Homes are selling for less than they did a decade ago in many places in Ohio as the tough economy, weak demand and high unemployment trouble the region. But home prices aren’t falling as much as they have been in Ohio and aren’t forecast to decline as much in 2012.
The federal home buyers’ tax credit was like a sugar high for Ohio, sending home prices up for a time before slamming them back to earth like a child licking a sucker running out of energy. The over-built out of sink housing market is coming back down to earth in most areas of the state, and it’s taking a licking on home prices.
Sluggish home sales are hurting Columbus with heavy foreclosure and bank assisted short sales. The state’s largest metro area should, however, see an increase in sales in the New Year as mortgage rates remain low with lower home prices, which will eventually strengthen the market. Columbus is forecast to see average home prices slide just 2.1% in 2012.
Hard hit Cleveland, however, should sustain higher deflation as more homeowners walk away from their homes suffering through the worst housing depression since the Great Depression. The foreclosure crisis has hit the region hard and it isn’t projected to ease for at least a few more years or until Congress gets its act together, and that isn’t likely any time soon.
Vacant foreclosed homes left for vandals are hurting the community in Cleveland, which has taken a bad wrap nationally, but the city is using federal funds to sell-off some of the homes that have been foreclosed and bulldoze others. Investors who can qualify for a mortgage might give the area some consideration for some of the best discount priced home deals in the U.S., despite the fact
that the community is forecast to sustain average housing deflation of 4.3% in 2012.
With a better job market than many other areas, Cincinnati is making it through the housing crash more modestly than most other areas of Ohio. But there are still deals to be had in Cincy, especially from foreclosures that have hit the city hard. Home sales should improve over the coming year, however, and eventually pressure home values, which are forecast to decline a modest 1.9% by years end.
A slowdown in factory orders in the auto industry for suppliers in Toledo has worked to hurt the housing market, and hamper any sort of recovery in the hard hit region.
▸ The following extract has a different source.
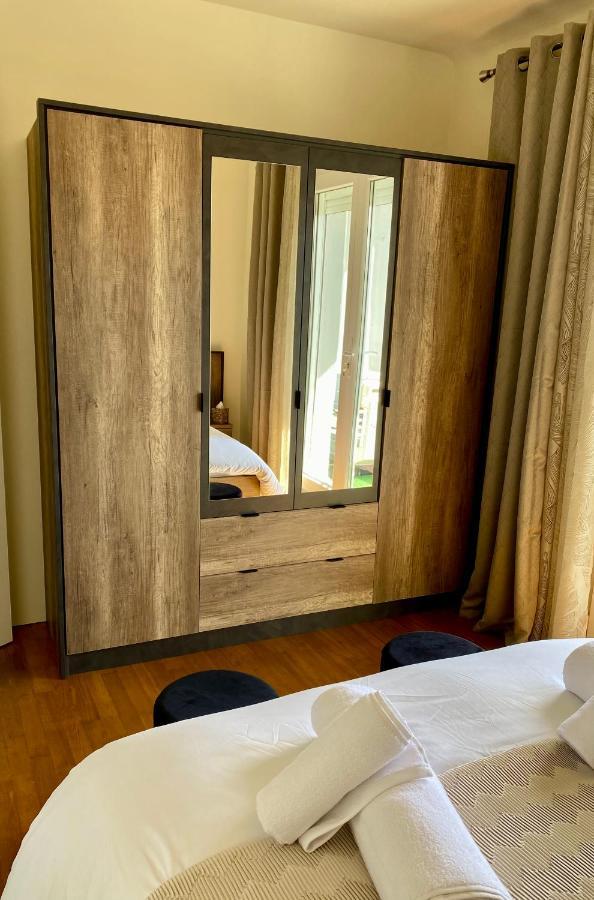 Maison Face A La Cite Καρκασόν Εξωτερικό φωτογραφία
Many major metropolitan areas fared much better than Toledo, which has been working through the tough economy with sluggish home sales.
As locals leave the area for jobs elsewhere, they are leaving homes vacant and pressuring home values for the rest of the market, which is forecast to cut home prices an average of 4.0% by years end.
Dayton is also projected to sustain another tough year, despite near record low mortgage rates with forecast housing deflation that will average 3.8%.